Shaking up the UK Banking Sector – I’m cautiously optimistic

So Virgin Money are having a showcase week following their acquisition of the ‘good’ Northern Rock.

I am personally very excited about

a) Virgin Money’s ‘full’ entrance to the market
b) The next 5 years of the UK Banking sector

Virgin have been hankering after the opportunity to transform this industry for a long time now and they stand a very good chance of being able to do so… but they are not the only change shifters around and they are not ‘automatically’ going to be THE people to change the industry necessarily!

What IS wrong with UK Banking?
When bankers or those in the industry survey customers about their opinions about banking we get answers back about interest rates, charges and fat-cats.

What we don’t get is what are people trying to do with their money (that means they want better interest rates), how are people managing their money (such that they incur charges) and what do people understand about the banking industry such that they perceive ‘Fat Cats’ as being unfairly paid…

The banking industry is just generally not used to being customer-centred in it’s thinking. It has never had to be.

Well that is certainly changing now. Rightly or wrongly the banking crisis has made us all say “Enough is enough… something has to change” and there are now new entrants to the industry who are clamouring to offer us alternatives in an industry numbed by sameness.

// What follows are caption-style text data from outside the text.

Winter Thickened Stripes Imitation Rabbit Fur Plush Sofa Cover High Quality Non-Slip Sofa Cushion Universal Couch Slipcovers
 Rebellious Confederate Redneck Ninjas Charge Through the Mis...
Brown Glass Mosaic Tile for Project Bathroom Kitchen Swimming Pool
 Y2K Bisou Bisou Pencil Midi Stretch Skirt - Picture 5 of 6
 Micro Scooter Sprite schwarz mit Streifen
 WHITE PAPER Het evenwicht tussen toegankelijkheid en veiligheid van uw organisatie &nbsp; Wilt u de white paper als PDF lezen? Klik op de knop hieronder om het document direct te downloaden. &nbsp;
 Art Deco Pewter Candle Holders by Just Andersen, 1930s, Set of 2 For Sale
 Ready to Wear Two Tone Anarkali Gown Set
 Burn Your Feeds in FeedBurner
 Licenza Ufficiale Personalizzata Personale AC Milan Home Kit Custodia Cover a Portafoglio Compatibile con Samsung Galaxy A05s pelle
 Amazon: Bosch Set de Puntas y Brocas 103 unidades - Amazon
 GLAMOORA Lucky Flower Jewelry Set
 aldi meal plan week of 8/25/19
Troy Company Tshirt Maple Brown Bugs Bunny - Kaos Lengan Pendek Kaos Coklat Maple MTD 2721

When I look at the new entrants the ones that excite me are the ones that I know are thinking about us as human beings (and yes consumers), our lives and what we want to achieve ‘through’ banking – as opposed to those who are just thinking ‘what is a better banking product’ or ‘what does mobile banking mean for a customer’.

The lens of change has to be wider than this.

My pick of ones to watch… and why some obvious names don’t make the list

  • [my out on a limb prediction] – Royal Bank of Scotland
  • [the favourite but with caveats] – Virgin Money
  • [The Industry Usurpers] – Apple/Amazon/Paypal
  • [The Surprising Innovator] – Standard Chartered
  • [The disrupter] – Yodlee

Who didn’t make the list

  • Aggregators/Online ‘layers’ – Bank Simple/Moneydashboard/Mint
  • The incumbants – The other high-street banks

So why is the perpetrator (as defined by the red-tops) top of my list?  Not just because the only way is up ;-) but because

  1. The new starts are struggling with actually implementing the technology behind a bank.  Don’t expect current accounts or mortgages from Tesco Bank anytime soon the FSA is far too busy scrutinising them on why they couldn’t robustly deliver Savings and Credit Cards [their core business]Virgin Money remain on the list because they have at least acquired a fully working bank but they may still have serious integration challenges (based on the same technology Tesco Bank is struggling with)
  2. The incumbants have already got a fully working bank system, are experienced at delivering change into it and rolling that out to their staff.Their challenge is a cultural and organisational one – their key change they need to make is to decide to be more customer centred and do everything they already know how to do – but with THAT focus.  They COULD move very quickly and deliver to their already hefty market share a great experience.

The disruptors may well be the ones that kick one or two of the incumbants into action (the jungle drums of customer experience suggest this is happening within at least three major UK retail banks)

There are so many ways to cut your predictions – and I may well change my mind in a years time – there is one thing that for me remains absolute though.  The winner will be one who works out what it really means to be customer-led from the inside-out, who can demonstrate a genuine sense of connection and understanding with their customers.